Security Analysis Series: Chapter 1 Summary

“The Scope and Limitations of Security Analysis. The Concept of Intrinsic Value”

Chapter Summary

  • Analysis is the study of available facts with the attempts to draw conclusions based on sound logic. That logic is applied via the scientific method, though in a relatively inexact way. (pg 61).
  • There exists three functions of security analysis: descriptive, selective, and critical.
    • 1. Descriptive: Collection, organization, and presentation of relevant facts. (pg 62).
    • 2. Selective: Value judgements are made based on description. The judgements include deciding to buy, sell, retain, or exchange. (pg 62).
    • 3. Critical: The application of standards to descriptive facts, used in determining the “soundness and practicability” of the securities at hand. One must be a critic of accounting policies, management decisions, etc. (pg 74).
  • The difference between the intrinsic value and the price of a security is the primary concern of an analyst. This is the primary axiom of the whole value thesis. The collection, selection, and analytical interpretation of facts are made in this light. (pg 64).
    • Note that intrinsic value is not akin to book value. It is an imprecise measure of what a price will tend towards in the long run given all available facts. This sounds inexact as a concept, and it is. Graham seems more eager to describe what intrinsic value is not, rather than what it is.
    • Intrinsic value essentially cannot be calculated exactly, but rather as a range to which a security is valued fairy, below, or above its relative price.
  • Obstacles to success include accuracy of facts, uncertainty of future, and irrational behaviour of the market. (pg 68).
  • “Tardy Adjustment of Price Value” is a real danger in that returns can be wasted in years that they can’t compound due to a refusal of price to adjust. (pg 70).
  • KEY QUOTE: “The market is not a weighing machine, on which the value of each issue is recorded by an exact and impersonal mechanism, in accordance with its specific qualities. Rather should we say that the market is a voting machine, whereon countless individuals register choices which are the product party of reason and party of emotion.” (pg. 70).
  • Analysis is of more use in situations for investment as compared to speculation.
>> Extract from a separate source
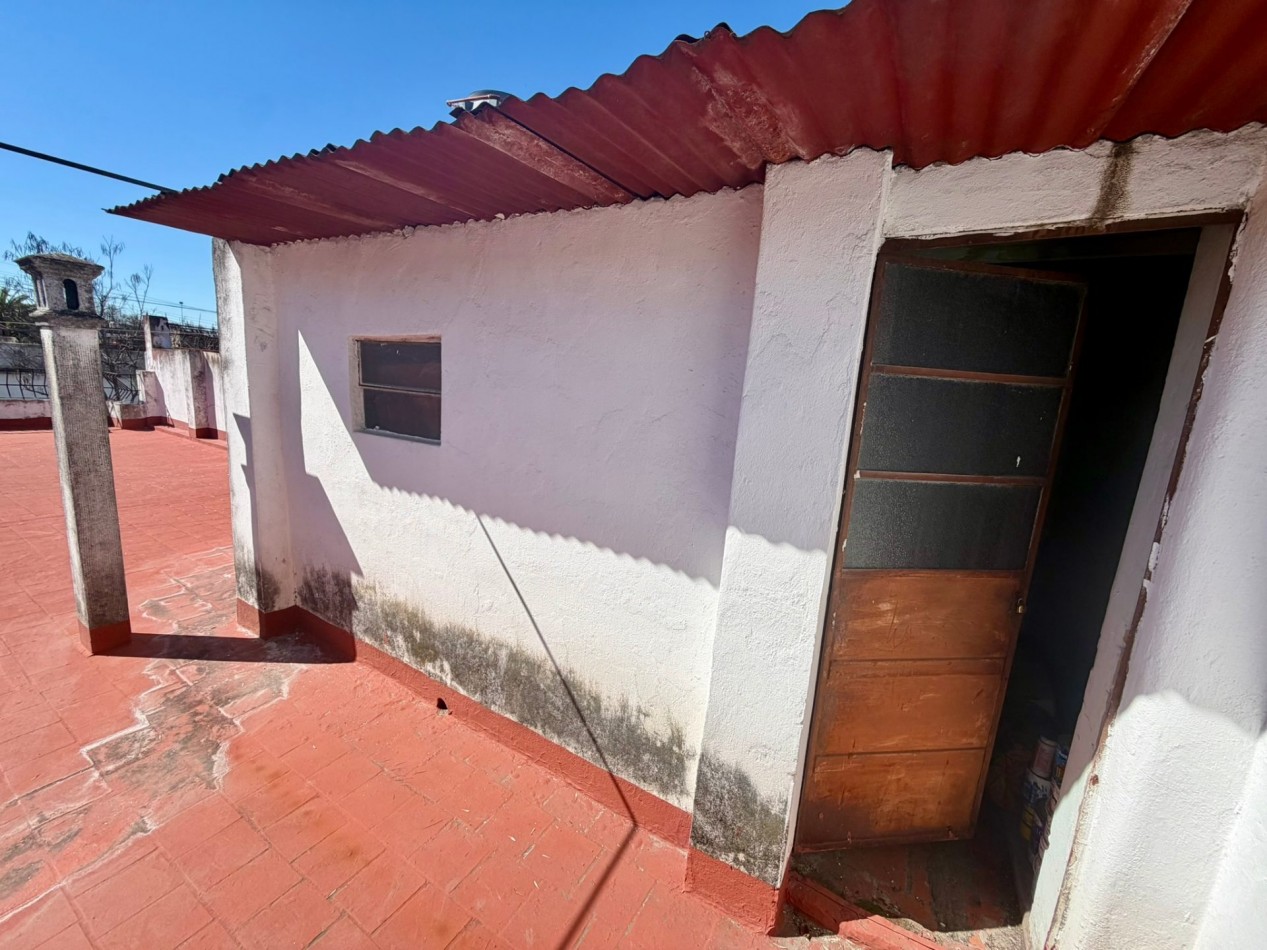 Venta Ph al frente 3 ambientes c/ garage, patio cubierto y terraza - Mataderos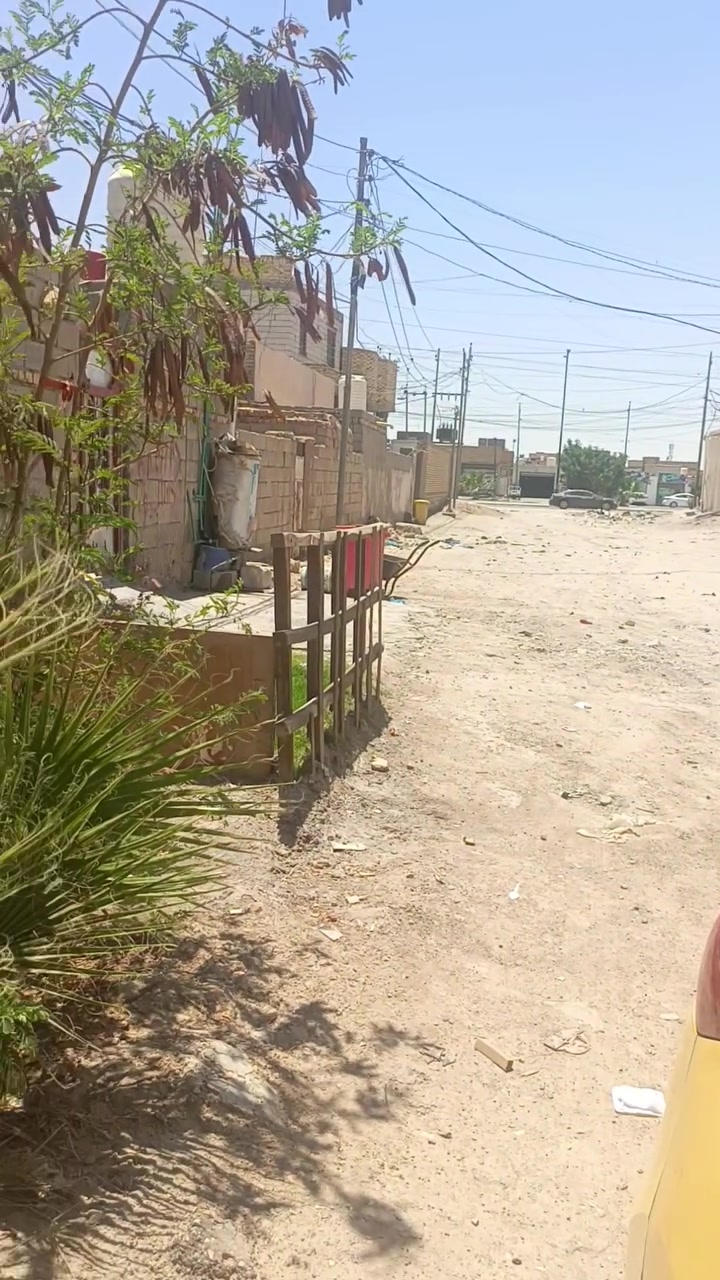 البيع بيت زارعي بيه وصل المساحة 120 بي 2  صحيات خارجي وداخلي متوفر بيه كل الخدمات  ناصريه حي التحرير نهاية المعدان يم صيدليه الكناهره قريب على الشارع العام  لتواصل *********** سعر 48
Graham compares this to a gambler who is able to reverse his odds, and win slightly against the house. If he bets it all on one number in roulette, his analysis is of little use despite offering a slight edge, as luck plays the primary role in determining the outcome. (pg 73).

Chapter Analysis and Thoughts

  • Graham’s description and analysis of his gambler analogy is partially correct, but largely not so. He is correct insofar as the gambler endangers his outcome – in reality – to a large increase in variance by placing his bet on one number. However, theoretically there is no real change in the expected value of the bet. The gambler’s edge via analysis still provides him profit in the long run. Thus, Graham is wrong that this implies analysis is moot in situations of luck, but rather is proving the need for diversification to reduce variance. If we apply this idea to the junior resource sector, where variance is extreme, we find those who apply value concepts earning above average returns on investment.
  • The key quote essentially epitomizes the efficient markets argument as compared to Graham’s value perspective. However, here he is simply stating his view, not justifying, and indeed it is an idea that must be explored further. It is particularly interesting that Graham himself discarded his own investing philosophy as irrelevant in the face of modern finance. This debate must be explored further, and is likely worthy of its own blog post of research.
  • The application of the economic concept of “utility” in finance and security analysis might be an interesting development to the field, and the argument listed above. The voting machine’s use of non-“rational” information to price can, and almost by necessity does, lead to discrepancies between price and value. For example, investing  (or speculating, in the Graham sense) in a company such as Apple because you are a large fan of their products most definitely affects the process of markets in reaching price equilibrium. But where does this utility-based decision fit in to the theoretically efficient markets that are supposedly strictly efficient due to risk-reward? There is no regard for risk-reward, only price and utility. And perhaps it is at least partly in this way that value investors have been able to squeeze out profits above the normal market rate of return.
  • It is troubling that Graham cannot formulate a more precise definition of intrinsic value, as the concept is so central to his philosophy. Even in the summary provided above, it is primarily my own wording of his elusive discussion on the topic. Hopefully as I advance further in the book, it will become more clear as to exactly what the concept is.